« Créer une nébuleuse de théâtre »
Par Trina Mounier
Les Trois Coups
Cette grande artiste est déterminée et modeste. Sylvie Mongin-Algan a créé des spectacles qui ont fait date et formé des générations de jeunes comédiens au sein d’un dispositif original, le Théâtre compagnonnage. Elle a en outre participé à un collectif d’artistes dont la longévité étonne et qui s’est vu confier, par la ville de Lyon, la direction d’un théâtre. Toujours dans la discrétion.
Comment vous présenteriez-vous le NTH8, Nouveau Théâtre du huitième ?

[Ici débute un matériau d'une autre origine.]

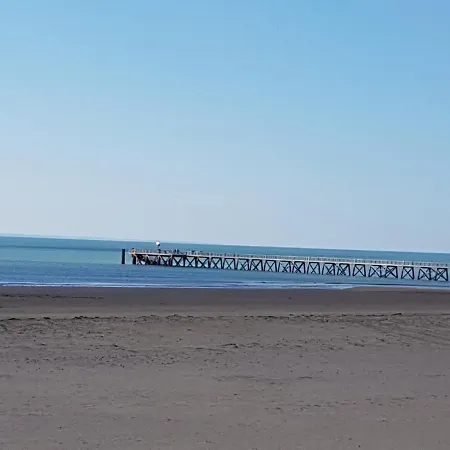 T2 Vue Les Pieds Dans L'eau Avec Parking Prive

Je suis metteuse en scène au sein d’un collectif d’artistes, Les Trois-Huit, compagnie de théâtre, où expérimentation et création vont de pair. Créé au début des années 1990, celui-ci s’est vu confier, en 2003, par la ville de Lyon, la Drac, la région, un nouveau théâtre qui s’est créé dans un quartier plutôt sous-équipé culturellement. Les Trois-Huit y développent un projet autour de plusieurs axes : la création contemporaine, une grande proximité avec le territoire d’où on part pour explorer le monde, d’autres pays, d’autres langues.
Parallèlement nous sommes soutenus en raison de notre association avec d’autres équipes artistiques, non pas sur une création, mais sur plusieurs années, pour nouer des convergences ou montrer des expérimentations très différentes des nôtres. Le NTH8 est un lieu de fabrication de théâtre où s’élaborent de nombreuses pratiques, marqué par un authentique brassage des générations et un véritable ancrage local.
Quand vous parlez d’ouverture sur le monde, vous pensez par exemple au lien que vous avez avec le Mexique ?
C’en est un exemple. Mais il s’élargit à toute l’Amérique du sud : Argentine, Brésil, Chili, Uruguay à travers un projet (Trente) qui est né en France, en lien avec l’association H/F, dans la salle des mariages de la mairie du huitième arrondissement de Lyon. J’ai déployé ce projet qui était militant à l’origine en m’adressant à chaque fois à une artiste d’un pays d’Amérique latine qui réunit autour d’elle un groupe de comédiennes, de chorégraphes. Nous créons ensemble un texte qu’ensuite elles poursuivent dans des démarches propres. Parfois, c’est l’inverse, par exemple quand j’ai rencontré l’autrice mexicaine Ximena Escalante : j’ai créé en France ses textes (lire la critique de Je crie), puis d’autres auteurs mexicains. Maintenant un pôle s’est créé sur ces écritures mexicaines et il est complètement autonome.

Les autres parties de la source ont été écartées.